Q: What’s the purpose behind using draw reins?

I think they help a horse get a feel of what it should feel like to be round and underneath you. It helps them learn that shape in their topline.

They’re meant to be a subtle reminder of where the horse should be in his body and to help keep him steady. But they should never be used to fix a horse’s head or lock a horse’s neck down. They shouldn’t replace true riding, that leg-into-hand feel.

There is a time and place for draw reins. I believe you must have an educated hand, seat and leg to use them correctly. They are meant as a guideline, not for intimidation.

Q: Where do draw reins go really wrong?

When they are used to set a horse’s head in a way that’s forceful.

We’re riding horses whose instinct is fight or flight. Anytime they feel overpowered or trapped, you’re going to get one of those responses, and neither is good. They only naturally react to what we do to them. When someone is being abusive with draw reins, that rider is forcing a horse to do something it is not comfortable doing at that point.

The horses look distressed, and they act out. They evade: get crooked, throw their haunches one way or another, or they run sideways; or their chins are to their chests, they’re frothing at the mouth and coiled up behind the rider’s hand. That’s when I cringe. It’s not teaching the horse anything that’s correct.

I’ve never seen a horse go around with its chin to its chest and have his ears be forward and his eyes look happy. He’ll look worried, scared, confused, angry, and as a horseman, I don’t think that ever does a horse any good.

Q: How do you use them in your program, exactly?

I have used them to work with a horse resistant to lateral bending. You see a lot of people put them down in between the horse’s legs, but I’ve used them more on the side to get a lateral bend. I might use them on a younger horse to help him feel how it’s supposed to feel when his body is round, just to give him a sense of what’s correct. And then I step away from them. The actual correct, consistent frame and movement comes from work without the draw reins, strengthening the back and topline and developing that over the long term.

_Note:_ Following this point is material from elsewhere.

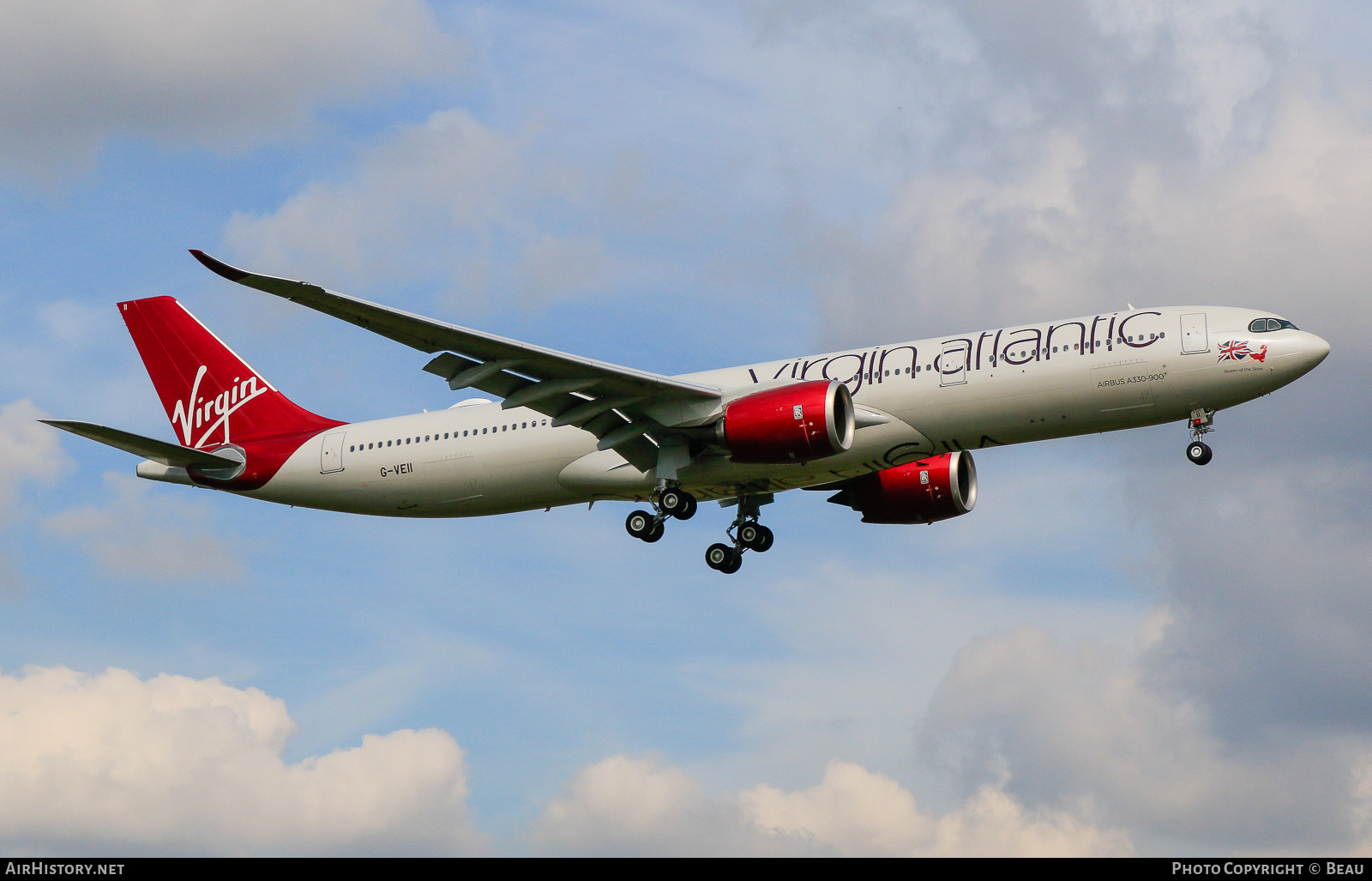 Aircraft Photo of G-VEII | Airbus A330-941N | Virgin Atlantic Airways | AirHistory.net #589424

I actually have used them less and less, the older I get. I tend more to ask myself: Why do I need draw reins? Is my horse not coming off my leg; is my horse not bending correctly; is he not giving through his jaw?

I go back to the basics, because there must be something lacking in the foundation for me to feel like I’ve got to go to an aid.

Maybe there was a step skipped in his training along the way when he was younger and I just need to go back to working on accepting my hand and moving off my leg. Or maybe he’s hurting somewhere. Usually, when I tackle something that way, basic flatwork can fix it - circles, transitions, lateral work.

I had a horse that would have been a good candidate for someone to put draw reins on. He was really inconsistent in his frame - he was up and he was down, then back up, and he never would cradle into my hands.

I started just walking for 20 minutes, nice and forward, in a round frame, consistently, in a snaffle, with a small spur. I slowed it all down to the walk.

It took a lot of patience. As soon as I could get that horse to walk for 15-20 minutes, in a frame, coming from behind, in front of my hands, round, supple, bending left and right, I finally went to trot, and it was perfect.

Not always, but I do think a lot of people make the mistake of going to something like draw reins just to hurry through a step. As a horseman, you can’t let them become a crutch.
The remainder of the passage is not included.